* **About this exercise**:
Output all the data exactly. Pictures do not belong in the copy.

START Information supplied

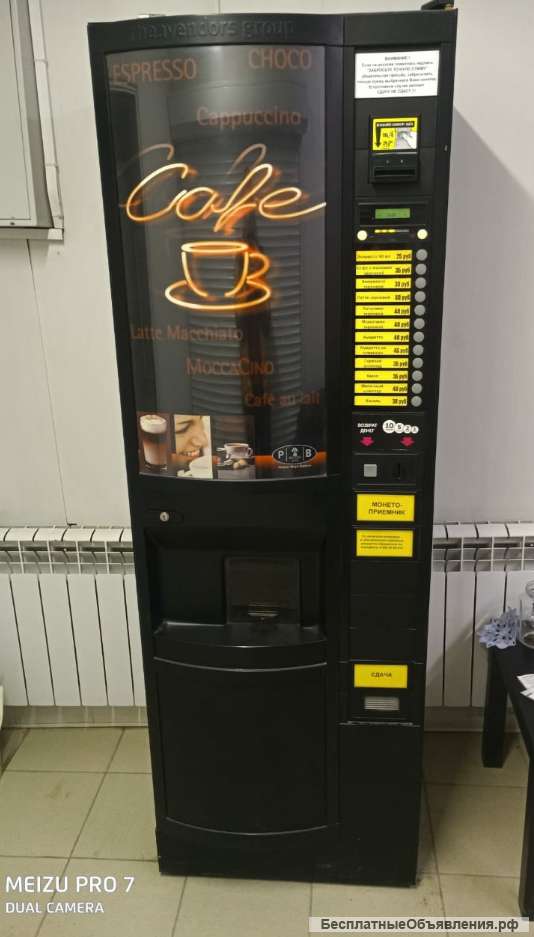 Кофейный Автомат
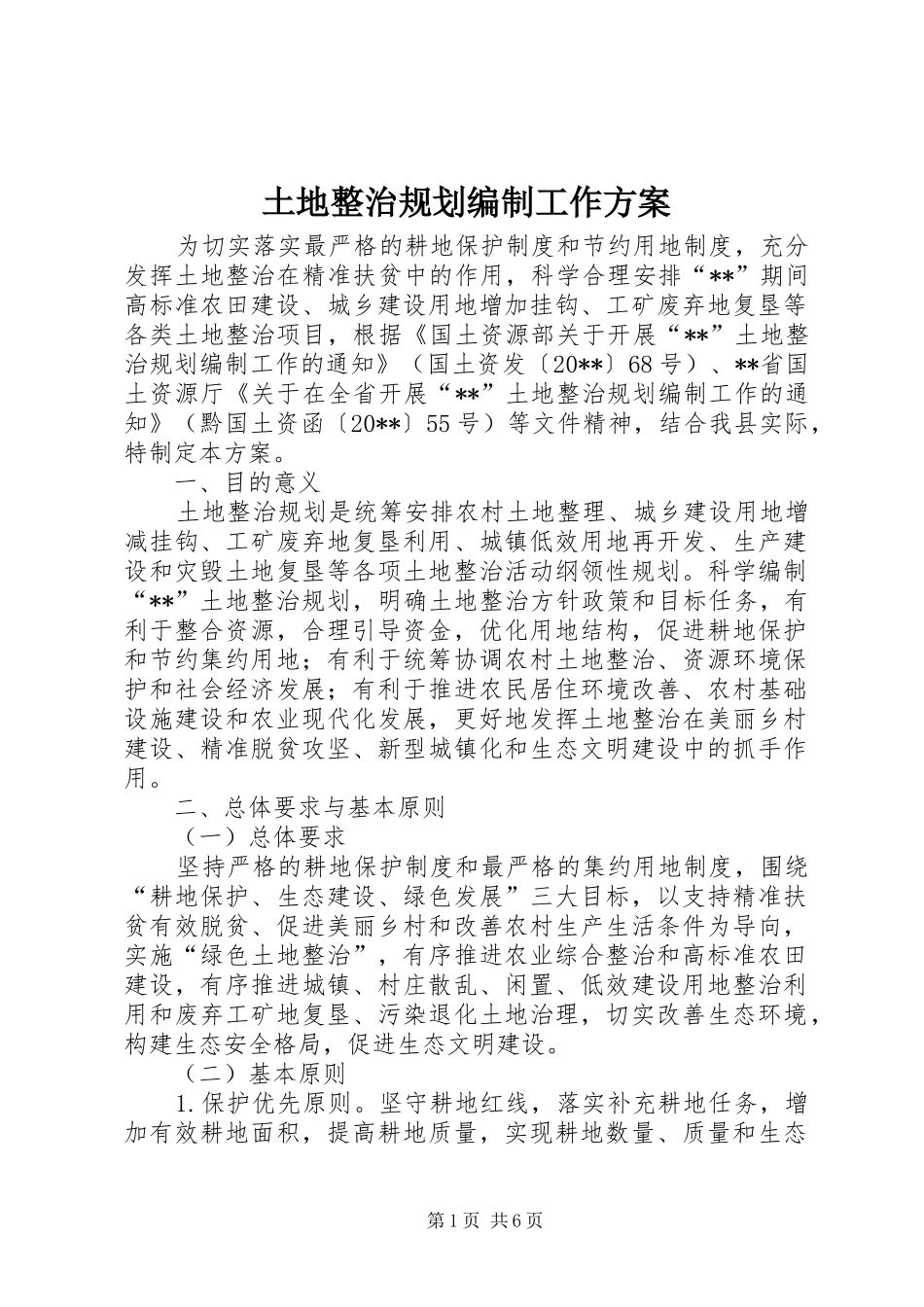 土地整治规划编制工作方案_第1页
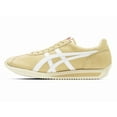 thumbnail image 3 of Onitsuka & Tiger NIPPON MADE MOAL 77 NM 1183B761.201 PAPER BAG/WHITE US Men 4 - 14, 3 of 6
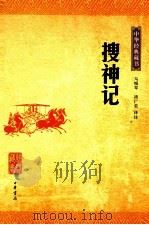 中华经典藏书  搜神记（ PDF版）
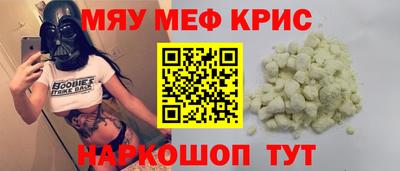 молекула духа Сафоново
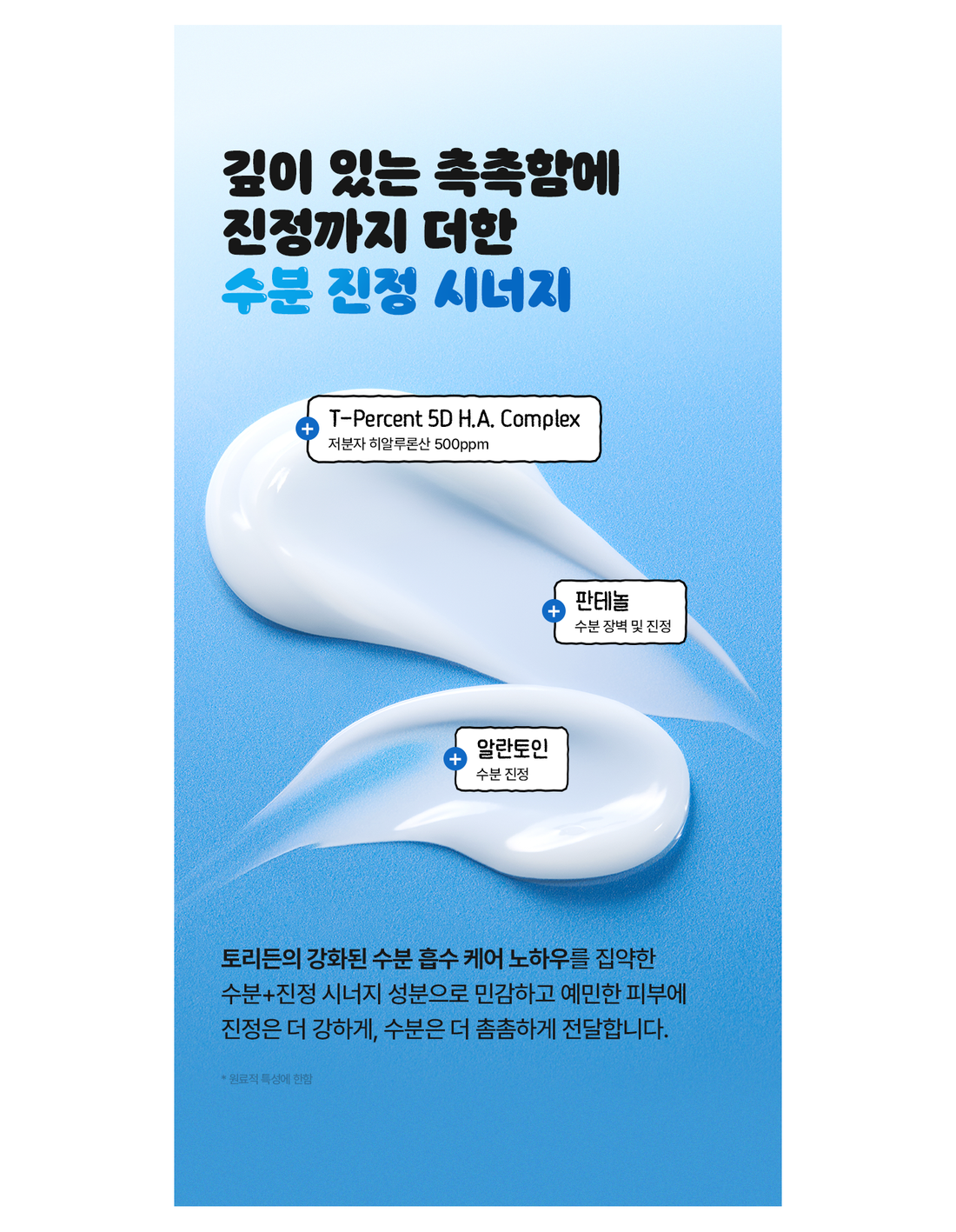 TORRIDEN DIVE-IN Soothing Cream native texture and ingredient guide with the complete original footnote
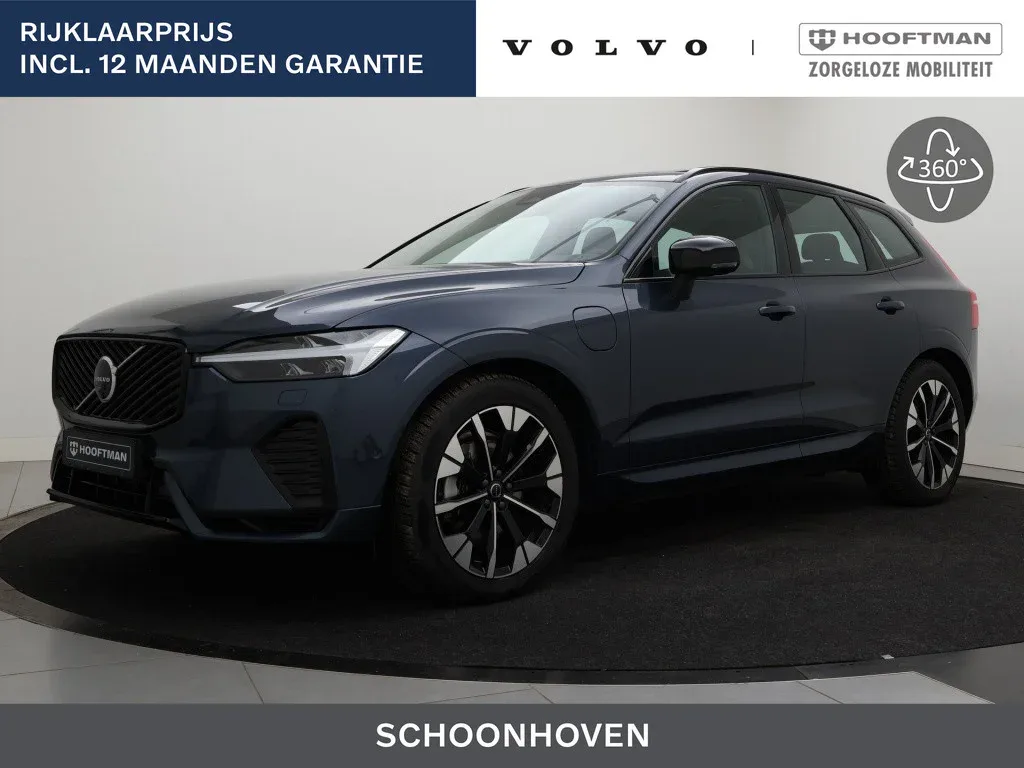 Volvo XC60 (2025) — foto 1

END Information supplied

* **Written response**:
 Кофейный Автомат
 土地整治规划编制工作方案_第1页
 thumbnail image 3 of Onitsuka & Tiger NIPPON MADE MOAL 77 NM 1183B761.201 PAPER BAG/WHITE US Men 4 - 14, 3 of 6
 中华经典藏书  搜神记（ PDF版）
 молекула духа Сафоново
 TORRIDEN DIVE-IN Soothing Cream native texture and ingredient guide with the complete original footnote
 Volvo XC60 (2025) — foto 1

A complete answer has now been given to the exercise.